I had originally proposed the property list scheme.  I claimed that properties
would have advertised names, and advertised meanings.  Interference of property
names would then be intentional, or a bug. 

For example, for class updating I had specified that the resulting arguments
delivered to all dependents would be a property list containing three flags,
:supers-changed :slots-changed and :options-changed.  Alternatively, the
specification might be that there were simply one flag, :changed, with value an
integer between 0 and 7 whose bits indicated the same changes. These flags could
be used by all dependents of the class to determine if they were interested in
the change.  For example, the class itself would be interested in any change, a
subclass might ignore options, and a class browser would ignore :slots-changed
and :options-changed.  

I want to write

(defmethod update-dependent
  ((dependent class-browser-element)
   (class standard-class) &key supers-changed &allow-other-keys T)
  (when supers-changed (recompute-my-browser-display dependent)))

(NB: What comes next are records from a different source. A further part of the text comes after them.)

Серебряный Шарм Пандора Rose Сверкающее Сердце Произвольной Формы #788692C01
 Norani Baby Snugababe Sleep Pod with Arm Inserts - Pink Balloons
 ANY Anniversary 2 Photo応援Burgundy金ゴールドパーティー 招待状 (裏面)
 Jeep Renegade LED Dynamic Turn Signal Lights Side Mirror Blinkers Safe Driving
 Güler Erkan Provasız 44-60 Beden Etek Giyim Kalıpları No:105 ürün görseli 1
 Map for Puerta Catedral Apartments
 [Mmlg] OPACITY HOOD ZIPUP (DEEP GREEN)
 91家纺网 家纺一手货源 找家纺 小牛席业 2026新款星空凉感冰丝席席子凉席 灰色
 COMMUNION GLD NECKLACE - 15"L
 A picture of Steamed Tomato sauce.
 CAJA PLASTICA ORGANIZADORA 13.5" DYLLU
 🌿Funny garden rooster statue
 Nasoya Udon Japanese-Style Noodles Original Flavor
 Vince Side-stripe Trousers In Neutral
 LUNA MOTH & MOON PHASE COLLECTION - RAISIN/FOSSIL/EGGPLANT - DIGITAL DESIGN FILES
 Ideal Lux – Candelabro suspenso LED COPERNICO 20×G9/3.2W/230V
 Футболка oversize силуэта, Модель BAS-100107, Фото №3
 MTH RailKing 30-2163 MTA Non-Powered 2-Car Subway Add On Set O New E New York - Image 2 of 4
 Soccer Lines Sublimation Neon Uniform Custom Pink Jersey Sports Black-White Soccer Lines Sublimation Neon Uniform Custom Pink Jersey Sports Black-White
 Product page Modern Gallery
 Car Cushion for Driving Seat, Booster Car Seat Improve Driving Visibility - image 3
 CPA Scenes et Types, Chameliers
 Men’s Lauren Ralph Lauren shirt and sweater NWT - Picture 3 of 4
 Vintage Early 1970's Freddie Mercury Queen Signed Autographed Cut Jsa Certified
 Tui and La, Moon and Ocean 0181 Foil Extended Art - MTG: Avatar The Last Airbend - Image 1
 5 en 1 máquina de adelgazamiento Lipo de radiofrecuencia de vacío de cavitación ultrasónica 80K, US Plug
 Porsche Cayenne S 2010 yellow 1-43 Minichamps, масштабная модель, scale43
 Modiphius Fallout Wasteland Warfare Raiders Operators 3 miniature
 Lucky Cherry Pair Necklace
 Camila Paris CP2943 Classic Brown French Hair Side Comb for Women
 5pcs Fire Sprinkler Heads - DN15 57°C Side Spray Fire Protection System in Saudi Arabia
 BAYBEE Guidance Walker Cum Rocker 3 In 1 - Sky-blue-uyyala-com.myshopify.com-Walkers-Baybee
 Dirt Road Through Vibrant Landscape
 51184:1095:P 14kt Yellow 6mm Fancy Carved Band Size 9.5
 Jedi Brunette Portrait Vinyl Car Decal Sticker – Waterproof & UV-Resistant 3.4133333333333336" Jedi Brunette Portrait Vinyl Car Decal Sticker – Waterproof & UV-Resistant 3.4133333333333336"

The point I am making is that we cannot encapsulate the information that is to
be passed to dependents if we do not know the full set of dependents.  If the
properties are not advertised as part of the protocol for a particular class, I
don't see how a new kind of dependent could get any clue about what had happened
to the instance.  


On the other hand, there is absolutely no such restriction on the information
that before-reinitialization passes to after reinitialization, and I think in
that case the class-keyed property list might be OK.